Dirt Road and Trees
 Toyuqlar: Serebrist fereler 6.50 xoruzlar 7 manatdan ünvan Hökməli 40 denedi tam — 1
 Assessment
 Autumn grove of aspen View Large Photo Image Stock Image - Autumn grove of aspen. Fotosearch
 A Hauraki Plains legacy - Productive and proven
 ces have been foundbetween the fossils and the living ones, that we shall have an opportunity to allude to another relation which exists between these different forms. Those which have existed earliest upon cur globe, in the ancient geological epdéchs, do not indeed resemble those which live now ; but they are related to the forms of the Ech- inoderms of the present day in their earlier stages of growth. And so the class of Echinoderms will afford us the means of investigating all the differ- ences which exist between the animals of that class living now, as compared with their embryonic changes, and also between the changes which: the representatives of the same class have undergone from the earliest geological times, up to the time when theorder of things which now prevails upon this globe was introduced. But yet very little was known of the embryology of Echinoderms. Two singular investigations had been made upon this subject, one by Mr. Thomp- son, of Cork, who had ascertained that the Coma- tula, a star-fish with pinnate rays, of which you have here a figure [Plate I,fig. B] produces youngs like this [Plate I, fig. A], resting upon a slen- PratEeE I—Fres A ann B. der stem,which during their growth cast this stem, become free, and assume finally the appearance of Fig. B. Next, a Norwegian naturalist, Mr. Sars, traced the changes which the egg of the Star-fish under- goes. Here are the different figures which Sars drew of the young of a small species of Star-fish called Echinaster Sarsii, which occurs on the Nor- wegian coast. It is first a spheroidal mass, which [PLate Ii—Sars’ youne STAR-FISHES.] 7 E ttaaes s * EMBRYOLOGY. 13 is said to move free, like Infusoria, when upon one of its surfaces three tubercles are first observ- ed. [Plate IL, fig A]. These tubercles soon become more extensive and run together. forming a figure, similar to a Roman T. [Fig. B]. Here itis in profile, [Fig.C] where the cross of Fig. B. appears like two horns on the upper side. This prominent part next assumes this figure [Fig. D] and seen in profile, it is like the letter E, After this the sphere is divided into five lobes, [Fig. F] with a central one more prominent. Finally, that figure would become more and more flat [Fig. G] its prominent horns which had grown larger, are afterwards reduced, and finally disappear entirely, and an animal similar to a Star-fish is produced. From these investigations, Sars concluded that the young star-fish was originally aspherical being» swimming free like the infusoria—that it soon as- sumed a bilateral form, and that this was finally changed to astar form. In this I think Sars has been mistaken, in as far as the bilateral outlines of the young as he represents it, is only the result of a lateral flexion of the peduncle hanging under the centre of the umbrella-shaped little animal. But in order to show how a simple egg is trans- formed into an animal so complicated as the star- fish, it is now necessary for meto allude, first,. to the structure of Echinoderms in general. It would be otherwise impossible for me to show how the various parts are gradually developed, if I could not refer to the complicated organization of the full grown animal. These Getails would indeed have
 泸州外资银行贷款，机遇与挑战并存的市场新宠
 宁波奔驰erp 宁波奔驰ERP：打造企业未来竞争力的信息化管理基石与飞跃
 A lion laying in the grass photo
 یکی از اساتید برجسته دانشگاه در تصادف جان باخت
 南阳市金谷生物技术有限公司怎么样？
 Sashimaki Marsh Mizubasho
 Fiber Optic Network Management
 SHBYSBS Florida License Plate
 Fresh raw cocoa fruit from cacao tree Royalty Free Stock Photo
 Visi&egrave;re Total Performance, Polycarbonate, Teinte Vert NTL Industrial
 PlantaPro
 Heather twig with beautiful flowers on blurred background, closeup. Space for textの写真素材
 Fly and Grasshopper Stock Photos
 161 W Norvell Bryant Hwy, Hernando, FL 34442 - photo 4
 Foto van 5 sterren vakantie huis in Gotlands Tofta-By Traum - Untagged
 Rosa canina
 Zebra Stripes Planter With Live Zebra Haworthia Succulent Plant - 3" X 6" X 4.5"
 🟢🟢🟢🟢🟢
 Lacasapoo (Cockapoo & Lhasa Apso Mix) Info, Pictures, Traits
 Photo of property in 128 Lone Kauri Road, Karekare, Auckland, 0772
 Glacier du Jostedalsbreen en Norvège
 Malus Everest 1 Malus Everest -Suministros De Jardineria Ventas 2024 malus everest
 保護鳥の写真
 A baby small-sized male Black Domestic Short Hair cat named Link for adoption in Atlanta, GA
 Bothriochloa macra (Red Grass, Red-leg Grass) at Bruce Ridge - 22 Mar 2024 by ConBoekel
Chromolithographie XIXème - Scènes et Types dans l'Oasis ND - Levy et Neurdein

(ABOUT THIS EXERCISE) Using the material above, report each line where "Road" occurs.

(EXPECTED OUTPUT)
Dirt Road and Trees
 Photo of property in 128 Lone Kauri Road, Karekare, Auckland, 0772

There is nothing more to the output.